-
Notifications
You must be signed in to change notification settings - Fork 36
Secondary Derivative Datasets
- cr-cron.sh automates much of the construction of secondary derived datasets.
- Aggregating subsets of converted datasets is a less-informative alternative to this page, since that just repackages existing data/metadata instead of deriving novel information from the existing data.
- The need and broad applicability of secondary derived datasets was annealed during twc-healthdata.
pr-enable-dataset.sh provides the ability to enable any of of the built-in secondary derived datasets that come with Prizms. Running it from within the conversion [data root](csv2rdf4lod automation data root) without any parameters shows the status for all available derived datasets.

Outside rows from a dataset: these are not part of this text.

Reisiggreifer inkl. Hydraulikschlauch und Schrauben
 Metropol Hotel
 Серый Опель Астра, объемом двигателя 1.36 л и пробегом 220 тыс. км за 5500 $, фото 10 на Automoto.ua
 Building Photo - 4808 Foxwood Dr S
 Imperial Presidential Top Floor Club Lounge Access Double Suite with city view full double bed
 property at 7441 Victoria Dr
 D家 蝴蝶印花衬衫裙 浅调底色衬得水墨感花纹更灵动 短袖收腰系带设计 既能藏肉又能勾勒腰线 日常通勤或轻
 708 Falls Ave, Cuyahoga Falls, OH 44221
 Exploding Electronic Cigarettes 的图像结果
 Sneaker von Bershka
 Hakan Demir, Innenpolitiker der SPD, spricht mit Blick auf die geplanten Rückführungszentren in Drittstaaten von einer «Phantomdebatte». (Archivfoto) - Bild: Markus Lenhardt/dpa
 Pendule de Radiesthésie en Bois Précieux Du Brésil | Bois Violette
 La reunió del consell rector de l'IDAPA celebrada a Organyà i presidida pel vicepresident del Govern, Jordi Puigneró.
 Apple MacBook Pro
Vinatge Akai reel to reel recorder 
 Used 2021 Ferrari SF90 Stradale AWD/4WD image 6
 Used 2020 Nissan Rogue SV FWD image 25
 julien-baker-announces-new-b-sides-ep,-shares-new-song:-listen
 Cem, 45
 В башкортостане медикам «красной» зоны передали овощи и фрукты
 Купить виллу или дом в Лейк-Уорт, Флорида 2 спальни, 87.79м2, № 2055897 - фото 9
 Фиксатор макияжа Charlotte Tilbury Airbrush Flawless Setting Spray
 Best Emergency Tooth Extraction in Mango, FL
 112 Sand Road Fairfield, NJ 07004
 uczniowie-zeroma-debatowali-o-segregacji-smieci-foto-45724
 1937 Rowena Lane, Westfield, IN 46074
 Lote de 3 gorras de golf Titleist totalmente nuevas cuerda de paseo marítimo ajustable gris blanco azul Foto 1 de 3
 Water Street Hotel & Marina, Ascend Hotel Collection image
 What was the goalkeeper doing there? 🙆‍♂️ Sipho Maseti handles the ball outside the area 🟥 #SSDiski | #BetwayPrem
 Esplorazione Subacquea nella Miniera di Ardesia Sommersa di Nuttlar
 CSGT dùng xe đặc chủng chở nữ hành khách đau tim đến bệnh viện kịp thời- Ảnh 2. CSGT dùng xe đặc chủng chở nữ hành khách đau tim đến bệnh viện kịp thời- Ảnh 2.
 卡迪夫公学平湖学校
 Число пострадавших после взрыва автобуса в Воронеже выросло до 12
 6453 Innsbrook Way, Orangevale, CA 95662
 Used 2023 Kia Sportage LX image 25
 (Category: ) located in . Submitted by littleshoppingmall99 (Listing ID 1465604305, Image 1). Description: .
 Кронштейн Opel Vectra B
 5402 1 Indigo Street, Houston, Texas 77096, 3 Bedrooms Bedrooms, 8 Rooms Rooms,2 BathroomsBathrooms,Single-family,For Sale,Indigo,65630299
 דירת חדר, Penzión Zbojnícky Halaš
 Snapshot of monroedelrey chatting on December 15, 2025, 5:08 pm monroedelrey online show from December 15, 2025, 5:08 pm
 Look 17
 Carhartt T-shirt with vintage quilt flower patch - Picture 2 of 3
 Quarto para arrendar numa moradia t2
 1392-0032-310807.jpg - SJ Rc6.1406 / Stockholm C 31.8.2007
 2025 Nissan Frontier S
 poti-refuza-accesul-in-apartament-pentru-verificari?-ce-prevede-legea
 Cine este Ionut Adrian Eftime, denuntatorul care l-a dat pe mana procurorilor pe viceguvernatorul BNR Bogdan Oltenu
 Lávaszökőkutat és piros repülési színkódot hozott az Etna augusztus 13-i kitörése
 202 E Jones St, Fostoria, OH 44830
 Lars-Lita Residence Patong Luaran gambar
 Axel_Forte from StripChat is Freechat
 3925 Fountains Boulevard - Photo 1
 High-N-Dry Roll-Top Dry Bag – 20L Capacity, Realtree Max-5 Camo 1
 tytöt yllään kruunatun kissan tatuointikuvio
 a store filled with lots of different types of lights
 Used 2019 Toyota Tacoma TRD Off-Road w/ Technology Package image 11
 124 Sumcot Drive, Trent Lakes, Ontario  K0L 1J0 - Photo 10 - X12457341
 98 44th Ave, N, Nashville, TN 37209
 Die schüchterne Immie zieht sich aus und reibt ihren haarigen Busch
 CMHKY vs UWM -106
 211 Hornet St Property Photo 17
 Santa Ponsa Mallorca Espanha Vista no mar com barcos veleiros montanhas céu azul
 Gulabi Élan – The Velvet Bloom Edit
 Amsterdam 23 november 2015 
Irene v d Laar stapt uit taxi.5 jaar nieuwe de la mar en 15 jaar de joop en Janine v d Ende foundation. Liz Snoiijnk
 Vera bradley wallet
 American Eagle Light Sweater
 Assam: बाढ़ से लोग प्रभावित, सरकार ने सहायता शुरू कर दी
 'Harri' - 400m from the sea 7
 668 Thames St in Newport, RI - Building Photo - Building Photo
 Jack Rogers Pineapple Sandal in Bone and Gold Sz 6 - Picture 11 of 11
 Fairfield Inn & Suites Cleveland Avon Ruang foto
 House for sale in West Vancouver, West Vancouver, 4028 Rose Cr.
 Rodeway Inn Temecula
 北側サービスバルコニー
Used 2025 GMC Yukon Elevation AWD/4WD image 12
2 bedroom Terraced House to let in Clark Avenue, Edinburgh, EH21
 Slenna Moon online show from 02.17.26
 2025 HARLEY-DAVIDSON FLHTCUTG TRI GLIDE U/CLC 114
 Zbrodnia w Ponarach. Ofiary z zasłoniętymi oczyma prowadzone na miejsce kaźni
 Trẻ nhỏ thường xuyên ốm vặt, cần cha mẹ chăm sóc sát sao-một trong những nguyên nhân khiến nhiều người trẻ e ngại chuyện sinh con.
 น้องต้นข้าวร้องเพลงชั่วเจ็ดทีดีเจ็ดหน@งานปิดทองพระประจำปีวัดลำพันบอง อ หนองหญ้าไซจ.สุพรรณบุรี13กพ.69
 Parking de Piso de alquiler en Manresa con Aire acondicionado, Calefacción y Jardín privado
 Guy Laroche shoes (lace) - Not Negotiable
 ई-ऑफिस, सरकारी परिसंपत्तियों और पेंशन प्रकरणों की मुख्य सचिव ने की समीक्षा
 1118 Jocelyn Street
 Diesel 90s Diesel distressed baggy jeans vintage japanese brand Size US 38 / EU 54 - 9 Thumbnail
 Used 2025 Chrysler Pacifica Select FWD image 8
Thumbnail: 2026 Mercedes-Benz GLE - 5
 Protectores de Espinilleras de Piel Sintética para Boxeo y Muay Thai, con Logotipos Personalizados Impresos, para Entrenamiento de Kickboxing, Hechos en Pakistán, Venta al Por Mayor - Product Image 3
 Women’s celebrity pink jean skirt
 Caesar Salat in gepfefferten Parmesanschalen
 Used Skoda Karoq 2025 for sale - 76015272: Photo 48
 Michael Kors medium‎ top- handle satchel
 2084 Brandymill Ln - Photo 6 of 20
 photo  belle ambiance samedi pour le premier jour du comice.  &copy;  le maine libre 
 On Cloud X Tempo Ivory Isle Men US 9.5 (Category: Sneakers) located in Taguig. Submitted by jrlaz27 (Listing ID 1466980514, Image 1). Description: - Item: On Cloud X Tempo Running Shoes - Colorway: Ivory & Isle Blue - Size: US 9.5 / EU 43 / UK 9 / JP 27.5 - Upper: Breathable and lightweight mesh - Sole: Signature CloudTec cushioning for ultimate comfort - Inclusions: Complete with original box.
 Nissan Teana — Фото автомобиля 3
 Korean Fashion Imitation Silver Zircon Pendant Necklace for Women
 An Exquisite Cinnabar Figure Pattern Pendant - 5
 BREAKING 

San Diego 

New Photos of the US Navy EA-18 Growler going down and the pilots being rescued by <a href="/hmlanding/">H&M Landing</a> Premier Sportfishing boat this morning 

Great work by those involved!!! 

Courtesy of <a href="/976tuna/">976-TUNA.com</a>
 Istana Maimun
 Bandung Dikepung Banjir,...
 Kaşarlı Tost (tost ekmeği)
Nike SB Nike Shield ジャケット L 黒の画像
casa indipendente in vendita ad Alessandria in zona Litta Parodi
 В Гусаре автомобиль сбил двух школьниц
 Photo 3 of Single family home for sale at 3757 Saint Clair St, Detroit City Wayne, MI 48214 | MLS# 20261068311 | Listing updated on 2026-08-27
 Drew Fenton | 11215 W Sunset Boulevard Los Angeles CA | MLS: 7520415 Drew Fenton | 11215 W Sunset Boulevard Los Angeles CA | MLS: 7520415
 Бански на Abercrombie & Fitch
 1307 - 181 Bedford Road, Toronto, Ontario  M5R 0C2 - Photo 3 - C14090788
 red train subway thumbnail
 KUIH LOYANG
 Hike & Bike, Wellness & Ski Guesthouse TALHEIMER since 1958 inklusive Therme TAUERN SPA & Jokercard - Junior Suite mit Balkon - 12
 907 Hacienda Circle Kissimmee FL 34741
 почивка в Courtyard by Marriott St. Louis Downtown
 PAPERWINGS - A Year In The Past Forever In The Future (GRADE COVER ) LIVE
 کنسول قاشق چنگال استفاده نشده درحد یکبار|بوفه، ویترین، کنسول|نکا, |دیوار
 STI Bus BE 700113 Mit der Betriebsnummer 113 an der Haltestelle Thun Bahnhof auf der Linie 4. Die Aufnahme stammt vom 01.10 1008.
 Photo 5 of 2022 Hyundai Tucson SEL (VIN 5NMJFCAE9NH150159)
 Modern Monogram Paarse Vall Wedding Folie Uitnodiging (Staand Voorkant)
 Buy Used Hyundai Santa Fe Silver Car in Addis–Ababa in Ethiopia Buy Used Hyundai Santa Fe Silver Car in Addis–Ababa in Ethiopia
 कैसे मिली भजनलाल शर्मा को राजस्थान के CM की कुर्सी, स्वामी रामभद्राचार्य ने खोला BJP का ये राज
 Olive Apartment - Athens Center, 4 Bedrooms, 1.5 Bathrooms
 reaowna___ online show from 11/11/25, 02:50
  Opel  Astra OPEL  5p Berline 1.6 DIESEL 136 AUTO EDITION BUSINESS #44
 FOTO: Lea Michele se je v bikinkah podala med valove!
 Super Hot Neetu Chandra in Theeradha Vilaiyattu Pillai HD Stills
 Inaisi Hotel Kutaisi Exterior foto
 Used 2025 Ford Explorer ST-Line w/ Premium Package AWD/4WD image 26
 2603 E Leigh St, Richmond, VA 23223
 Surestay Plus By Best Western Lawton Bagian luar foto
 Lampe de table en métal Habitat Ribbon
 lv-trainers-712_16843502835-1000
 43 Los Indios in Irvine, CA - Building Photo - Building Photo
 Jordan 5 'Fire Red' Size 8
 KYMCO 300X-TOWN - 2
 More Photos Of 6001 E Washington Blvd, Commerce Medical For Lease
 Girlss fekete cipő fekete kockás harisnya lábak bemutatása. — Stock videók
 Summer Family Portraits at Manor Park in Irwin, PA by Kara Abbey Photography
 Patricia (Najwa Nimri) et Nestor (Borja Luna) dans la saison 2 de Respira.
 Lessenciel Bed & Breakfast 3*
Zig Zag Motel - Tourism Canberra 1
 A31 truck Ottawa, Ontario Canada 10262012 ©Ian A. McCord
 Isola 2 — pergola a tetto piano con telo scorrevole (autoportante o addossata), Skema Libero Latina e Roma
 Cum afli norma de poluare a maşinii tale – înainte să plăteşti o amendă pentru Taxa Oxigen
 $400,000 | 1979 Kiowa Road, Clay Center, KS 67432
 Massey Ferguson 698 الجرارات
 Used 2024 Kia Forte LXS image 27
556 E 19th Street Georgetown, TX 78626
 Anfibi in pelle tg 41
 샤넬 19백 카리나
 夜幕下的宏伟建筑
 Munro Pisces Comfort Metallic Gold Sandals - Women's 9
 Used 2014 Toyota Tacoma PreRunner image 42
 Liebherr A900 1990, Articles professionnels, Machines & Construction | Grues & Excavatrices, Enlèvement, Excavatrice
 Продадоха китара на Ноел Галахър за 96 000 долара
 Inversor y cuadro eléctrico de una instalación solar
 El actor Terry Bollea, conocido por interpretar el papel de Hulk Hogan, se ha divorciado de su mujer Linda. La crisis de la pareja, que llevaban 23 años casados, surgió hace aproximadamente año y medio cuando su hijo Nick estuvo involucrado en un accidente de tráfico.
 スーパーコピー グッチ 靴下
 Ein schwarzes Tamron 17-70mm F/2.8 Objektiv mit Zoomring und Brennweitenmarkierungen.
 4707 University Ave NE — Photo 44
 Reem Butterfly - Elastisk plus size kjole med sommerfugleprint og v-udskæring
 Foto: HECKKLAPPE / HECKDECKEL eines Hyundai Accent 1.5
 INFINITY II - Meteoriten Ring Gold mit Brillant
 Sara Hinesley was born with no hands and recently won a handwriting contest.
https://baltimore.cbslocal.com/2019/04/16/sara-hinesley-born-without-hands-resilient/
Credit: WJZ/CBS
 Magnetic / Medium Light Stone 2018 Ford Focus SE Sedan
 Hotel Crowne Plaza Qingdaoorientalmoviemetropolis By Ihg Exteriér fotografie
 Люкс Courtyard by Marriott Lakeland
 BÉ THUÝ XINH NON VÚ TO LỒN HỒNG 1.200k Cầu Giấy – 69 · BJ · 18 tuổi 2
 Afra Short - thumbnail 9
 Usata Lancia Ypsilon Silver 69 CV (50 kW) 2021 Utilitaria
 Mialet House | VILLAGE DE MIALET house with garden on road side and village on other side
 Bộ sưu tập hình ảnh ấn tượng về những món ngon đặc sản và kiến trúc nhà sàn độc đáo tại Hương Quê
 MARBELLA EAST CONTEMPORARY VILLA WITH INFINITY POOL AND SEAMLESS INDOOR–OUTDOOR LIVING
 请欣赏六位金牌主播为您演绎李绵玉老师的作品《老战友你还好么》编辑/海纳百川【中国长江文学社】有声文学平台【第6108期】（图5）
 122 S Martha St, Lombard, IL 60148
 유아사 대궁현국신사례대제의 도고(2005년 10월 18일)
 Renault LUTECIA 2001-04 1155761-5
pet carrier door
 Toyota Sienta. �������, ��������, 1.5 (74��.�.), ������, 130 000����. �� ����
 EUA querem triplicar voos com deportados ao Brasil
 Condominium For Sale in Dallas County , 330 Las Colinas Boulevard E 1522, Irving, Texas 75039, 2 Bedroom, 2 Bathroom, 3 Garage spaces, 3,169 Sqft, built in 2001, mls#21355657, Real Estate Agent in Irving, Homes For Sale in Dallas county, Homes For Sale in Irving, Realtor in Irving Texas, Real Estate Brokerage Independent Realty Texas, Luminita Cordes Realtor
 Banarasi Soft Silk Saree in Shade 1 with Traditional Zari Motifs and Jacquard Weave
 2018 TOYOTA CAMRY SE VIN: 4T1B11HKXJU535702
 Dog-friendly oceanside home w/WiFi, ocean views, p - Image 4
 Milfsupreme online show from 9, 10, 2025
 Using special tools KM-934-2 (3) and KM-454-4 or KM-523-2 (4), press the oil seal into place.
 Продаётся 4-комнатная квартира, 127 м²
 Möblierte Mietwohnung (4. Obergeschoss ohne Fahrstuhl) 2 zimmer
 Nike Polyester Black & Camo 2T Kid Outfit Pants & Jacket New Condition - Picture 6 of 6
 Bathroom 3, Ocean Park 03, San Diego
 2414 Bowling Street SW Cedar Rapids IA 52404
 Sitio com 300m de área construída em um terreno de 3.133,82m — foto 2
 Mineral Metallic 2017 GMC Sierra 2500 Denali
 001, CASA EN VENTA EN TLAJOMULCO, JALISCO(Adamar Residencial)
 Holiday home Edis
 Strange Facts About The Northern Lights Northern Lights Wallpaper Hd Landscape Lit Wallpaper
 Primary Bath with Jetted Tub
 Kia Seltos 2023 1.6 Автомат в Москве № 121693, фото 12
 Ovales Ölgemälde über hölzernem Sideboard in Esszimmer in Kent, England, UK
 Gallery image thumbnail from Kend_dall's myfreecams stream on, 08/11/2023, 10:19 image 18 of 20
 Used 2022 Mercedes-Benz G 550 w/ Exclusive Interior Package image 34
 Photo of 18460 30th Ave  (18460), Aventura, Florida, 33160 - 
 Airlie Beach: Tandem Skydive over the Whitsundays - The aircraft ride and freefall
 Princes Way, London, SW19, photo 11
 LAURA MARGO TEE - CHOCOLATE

lebot@hub:~/prizms/hub/data/source$ cr-pwd.sh
source/
lebot@hub:~/prizms/hub/data/source$ pr-enable-dataset.sh
Available datasets:
pr-spobal-ng is *not* enabled at hub/pr-spobal-ng/version/latest/retrieve.sh (/home/lebot/opt/prizms/bin/dataset/pr-spobal-ng.sh)
cr-aggregate-eparams is *not* enabled at hub/cr-aggregate-eparams/version/latest/retrieve.sh (/home/lebot/opt/prizms/repos/csv2rdf4lod-automation/bin/secondary/cr-aggregate-eparams.sh)
pr-enable-dataset.sh
leverages csv2rdf4lod-automation's Triggers mechanism to derive secondary datasets using the same mechanisms that are used to process a single dataset. pr-enable-dataset.sh
enable a derived datasets by inserting a trigger within the appropriate "SDV" directory conventions.
lebot@hub:~/prizms/hub/data/source$ pr-enable-dataset.sh --as-latest cr-aggregate-eparams
Created hub/cr-aggregate-eparams/version/latest/retrieve.sh -> /home/lebot/opt/prizms/repos/csv2rdf4lod-automation/bin/secondary/cr-aggregate-eparams.sh
Rerunning the overview shows that cr-aggregate-eparams
is now enabled.
lebot@hub:~/prizms/hub/data/source$ pr-enable-dataset.sh
Available datasets:
pr-spobal-ng is *not* enabled at hub/pr-spobal-ng/version/latest/retrieve.sh (/home/lebot/opt/prizms/bin/dataset/pr-spobal-ng.sh)
cr-aggregate-eparams is enabled at hub/cr-aggregate-eparams/version/latest/retrieve.sh (/home/lebot/opt/prizms/repos/csv2rdf4lod-automation/bin/secondary/cr-aggregate-eparams.sh)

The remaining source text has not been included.